In the manufacturing process of solid spheres, it is known to feed crushed glass particulate raw materials in a carrier gas stream to a combustion chamber where the glass particulate stream is heated by a flame, thereby causing the crushed glass to become spherical particles. Similarly, for the manufacture of foam spheres, it is known to provide a small spherical raw material to the combustion chamber. In the combustion chamber, due to the action of the flame, these small spheres are heated and transformed into foam glass spheres. Such a raw material is usually made by spray-drying a solution (e.g., a solution mainly composed of sodium silicate solution and also containing a foaming agent (e.g., urea)).

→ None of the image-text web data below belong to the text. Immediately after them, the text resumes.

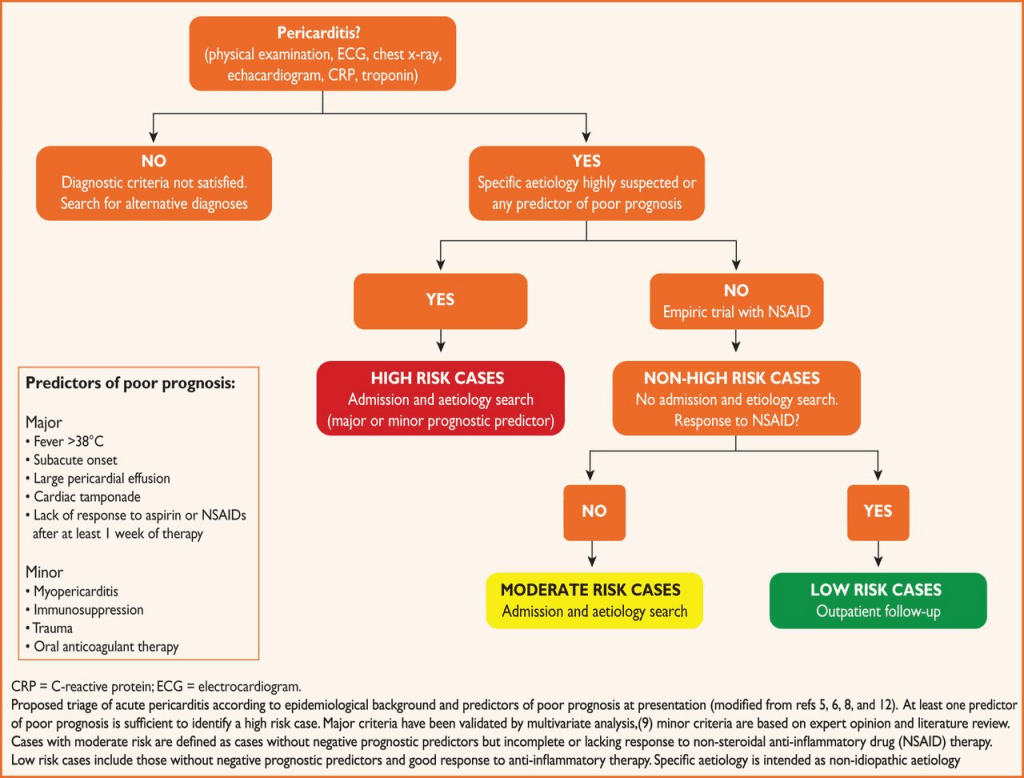 Pericarditis Cardio Guide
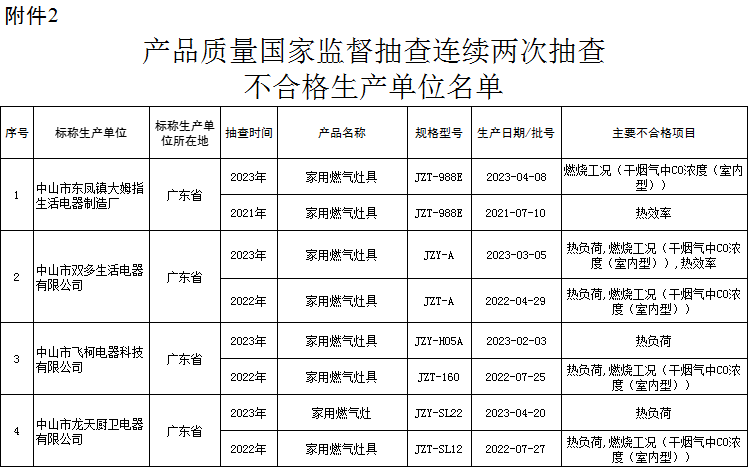 澳门2024年六开奖记录安全解析：阴阳境KWP685.53开奖结果查询表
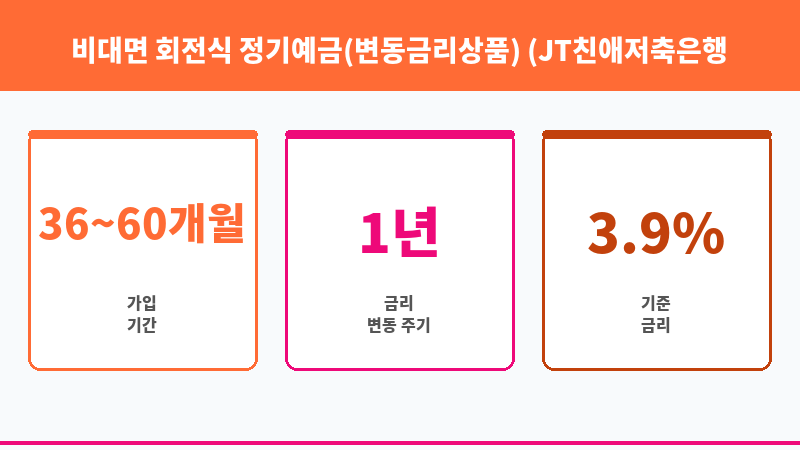 비대면 회전식 정기예금(변동금리상품) (JT친애저축은행) 보조 이미지 3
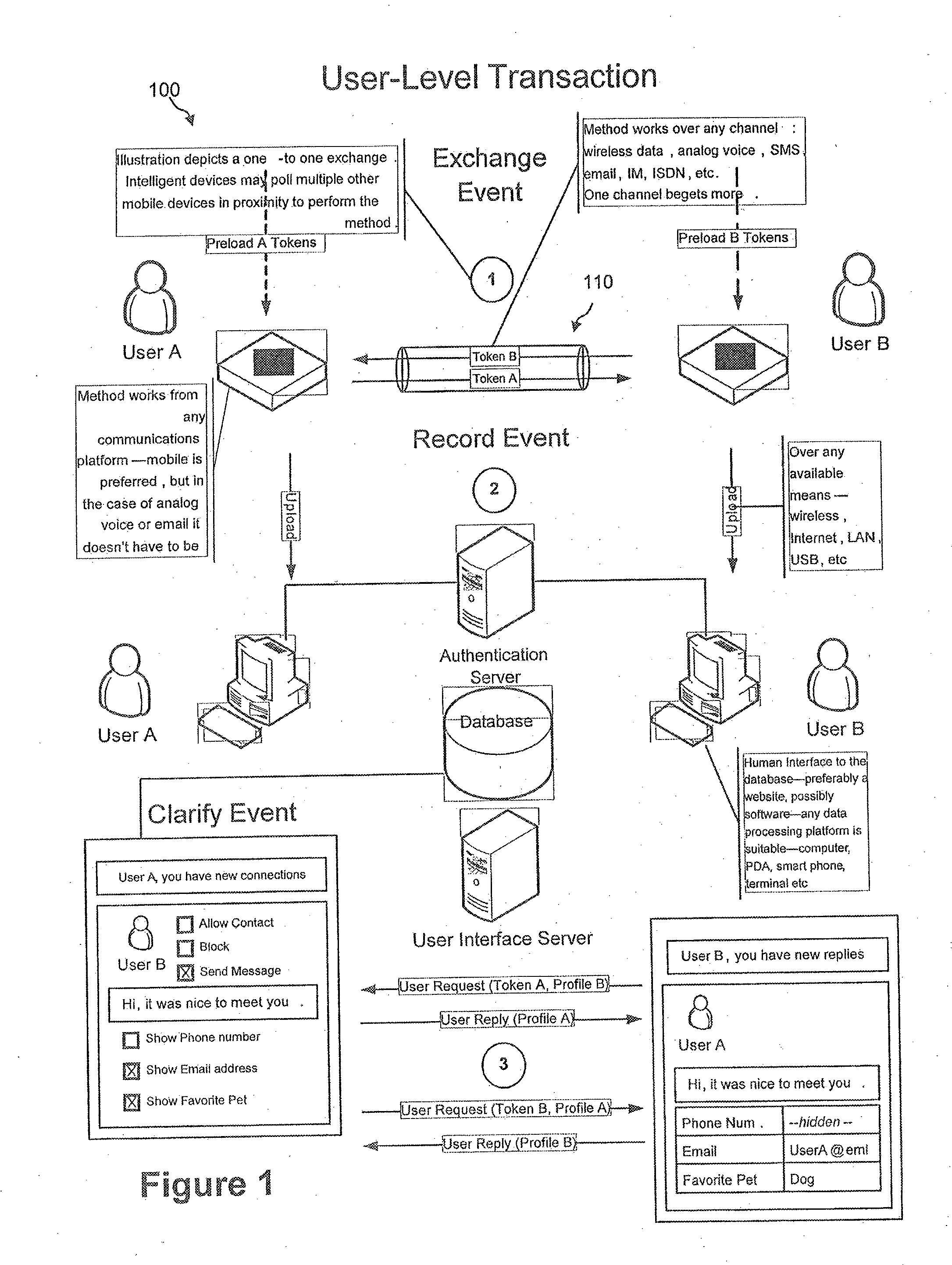 Transaction system for business and social networking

The way the raw material is heated is crucial to the quality and yield of the formed spheres, especially when those spheres are to be made into foam glass spheres. At the same time, the economy of the production process is also important. Rapid heating is beneficial to the formation of spherical particles and/or vitrification of the raw material, which requires good thermal contact between the flame and the raw material. In order to obtain a product of uniform quality, it is important that the spheres produced by this production method should be uniformly processed in the combustion chamber, and it is also important to reduce the tendency of solid materials to bond and/or adhere to the side walls of the combustion chamber, which may be caused by excessive heating during the transformation of the raw material into spheres.
One object of the present invention is to help meet at least some of the above requirements.
In this method, the raw material is subjected to the action of a flame in the combustion chamber, causing the raw material to be heated and formed into the glass spheres, after which the spheres are removed from the combustion chamber. It is characterized in that the raw material supplied to the combustion chamber is dispersed in a carrier gas stream, which is a mixture including fuel gas and oxygen supplied to the flame in the combustion chamber, and inert gas is also supplied to the combustion chamber to maintain a gas stream that flows along and around the flame trajectory to form a gas ring.
Ensuring uniform and good processing of the raw material to increase the yield of high-quality spheres obtained. Due to the method of supplying the raw material and gas to the combustion chamber, each unformed sphere is completely surrounded by a stable flame, causing them to be rapidly heated within the gas ring, which transfers additional kinetic energy to the raw material and spheres to facilitate the collection and transport of the processed spheres out of the combustion chamber, while keeping the spheres in a sufficiently dispersed state to avoid the spheres bonding or adhering to the side walls of the combustion chamber. A more important advantage of the method employed in the present invention is that it has been found that the side walls of the combustion chamber are cooler than in other cases during the effective sphere-making process, which is beneficial for improving the economy of thermal processing and helps to extend the effective working life of the combustion chamber.
In a preferred embodiment of the present invention, the gas ring is formed by air supplied to the combustion chamber, which is advantageous for improving economy and convenience, and provides a favorable stabilizing factor due to the presence of nitrogen. The gas ring provides a highly efficient screen to prevent glass or vitrifiable materials from colliding with the side walls of the combustion chamber. Similarly, the additional oxygen in the air provided promotes complete combustion of the fuel gas, further improving fuel economy. For similar reasons, it is preferable that the supplementary oxygen in the inert gas ensures that the oxygen in the combustion chamber exceeds the amount required to maintain complete combustion of the fuel.